The Full Monteverdi is a 2007 British film written and directed by John La Bouchardière and based on his live production of the same name, itself based on Claudio Monteverdi's fourth book of madrigals (1603) which, in turn, is a collection of settings of poems by such Italian Renaissance poets as Giovanni Battista Guarini, Ottavio Rinuccini and Torquato Tasso. The film features the British vocal ensemble I Fagiolini and the original cast of actors from the live production. The title is a play on the name of the 1997 film The Full Monty – a pun vindicated, according to academic Peter Conrad, by The Full Monteverdi's "raw, emotional striptease".

The plot concerns six couples who are breaking up simultaneously in a restaurant. During the course of their meals, revelations about the past drive the couples to separation. The apparently avant-garde structure and nonlinear narrative of the film are based in the musical material, which is often of highly contrapuntal polyphony, and follows the stories of the different couples in a manner similar to the vocal interchanges in the madrigals.

==Production==

Shot in HD on location in Bristol, Cheltenham, Gloucester and London, including the London Eye, the central restaurant scenes were filmed on a studio set designed by Chloe Lamford. The sound was recorded in advance and lip-synched in post-production.

==Release==

The Full Monteverdi had a limited initial theatrical release, primarily through music festivals. It has been broadcast in Australia, Canada, the Czech Republic, Estonia, Finland, New Zealand, Norway, Poland, Spain, Sweden and the U.K. The film was released on DVD by Naxos Records.

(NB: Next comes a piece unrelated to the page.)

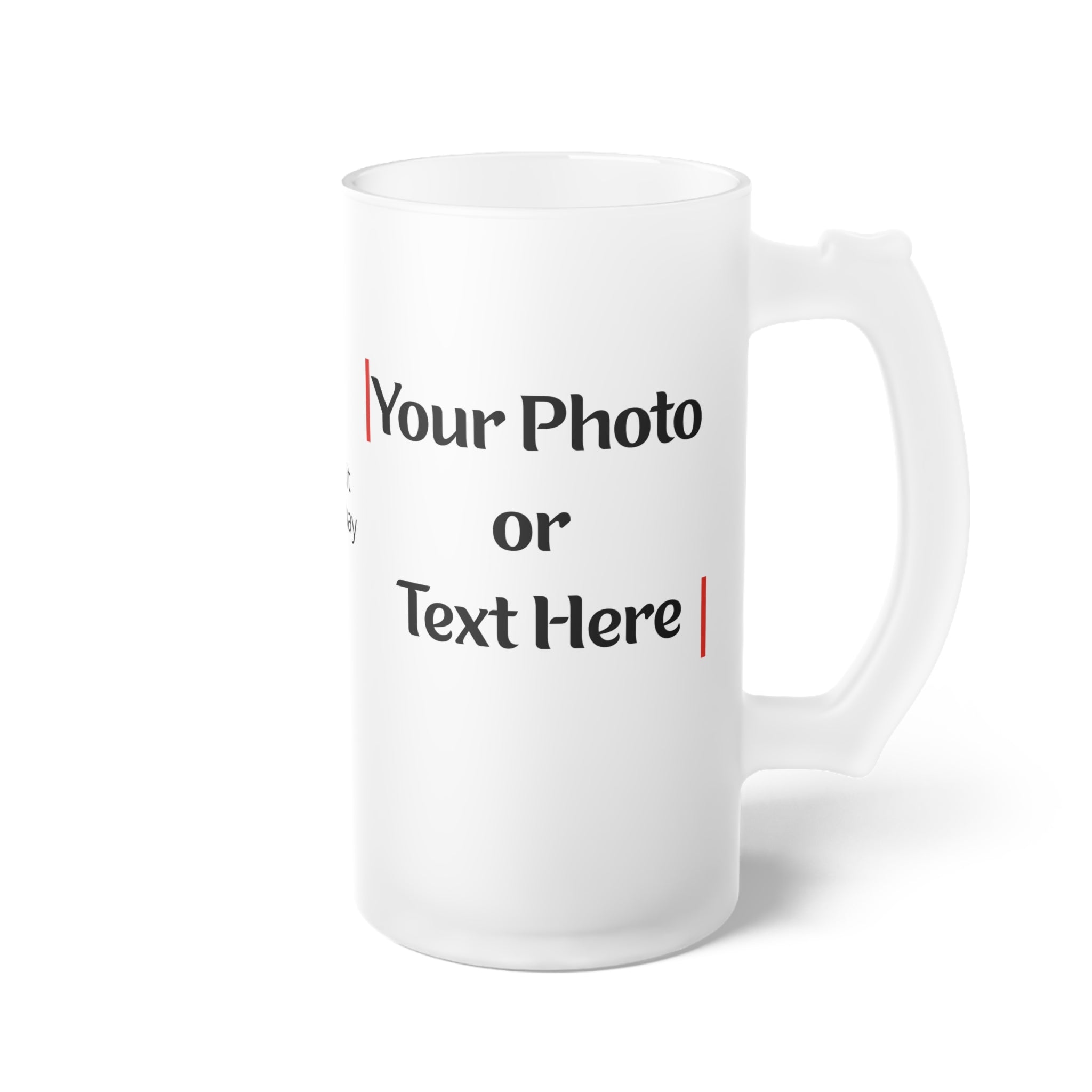 Frosted Glass Beer Mug — Customizable Tall Beer Stein for Parties & Gifts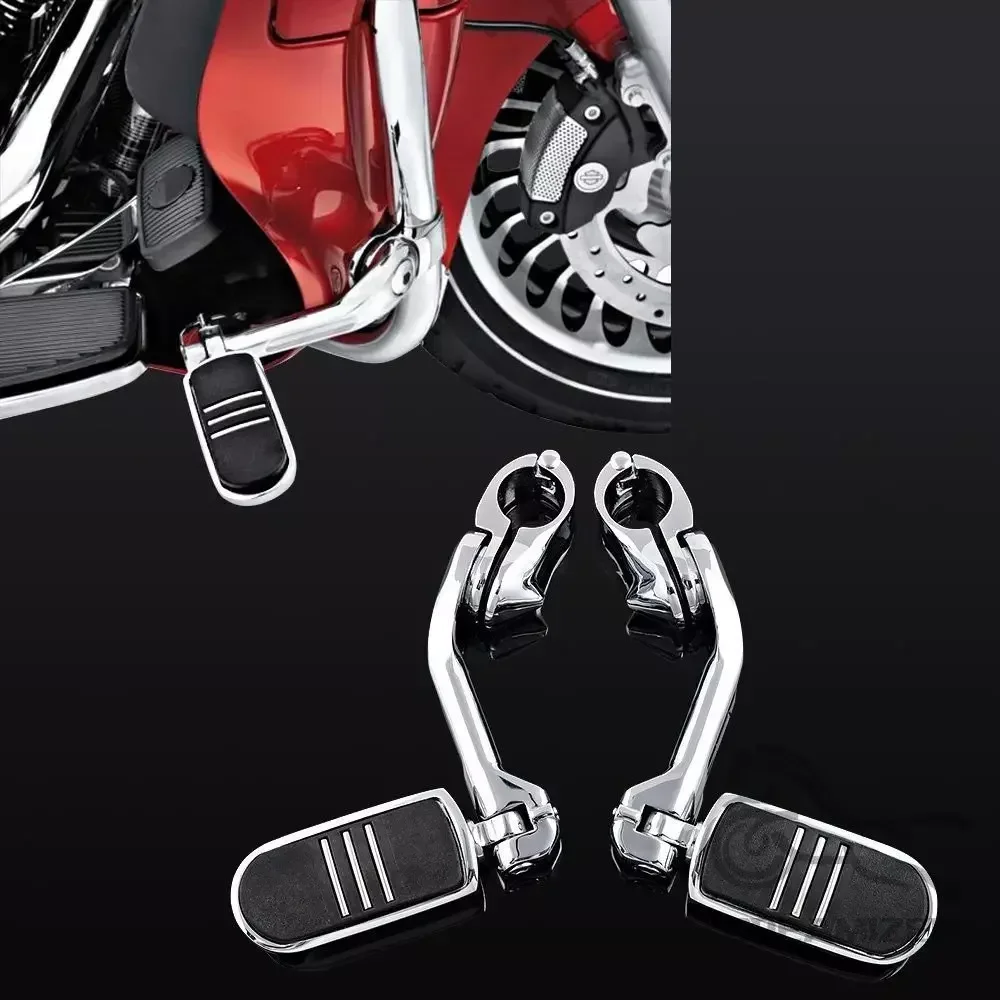 Repose-pieds longs et réglables pour moto, repose-pieds pour Harley Sportster Softail Electra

The film was given a further theatrical release in South Africa by Ster-Kinekor, opening on 2 April 2010, and in New Zealand by Rialto Distribution, on 24 June 2010.

==Critical reception==

The film's reception was largely favourable, particularly from classical music critics, though some found La Bouchardière's matching of contemporary realism with Renaissance a cappella music uncomfortable; most acclaimed it for its innovation, fidelity to the spirit of the original music and unrelenting emotional depth. Film and literary scholar William E.B. Verrone hailed The Full Monteverdi as "both visually and narratively dazzling... an innovative and experimental film, the kind of adaptation that rarely is attempted or gets made: one that flies in the face of convention daring to be different." It was awarded a Choc du Monde de la Musique.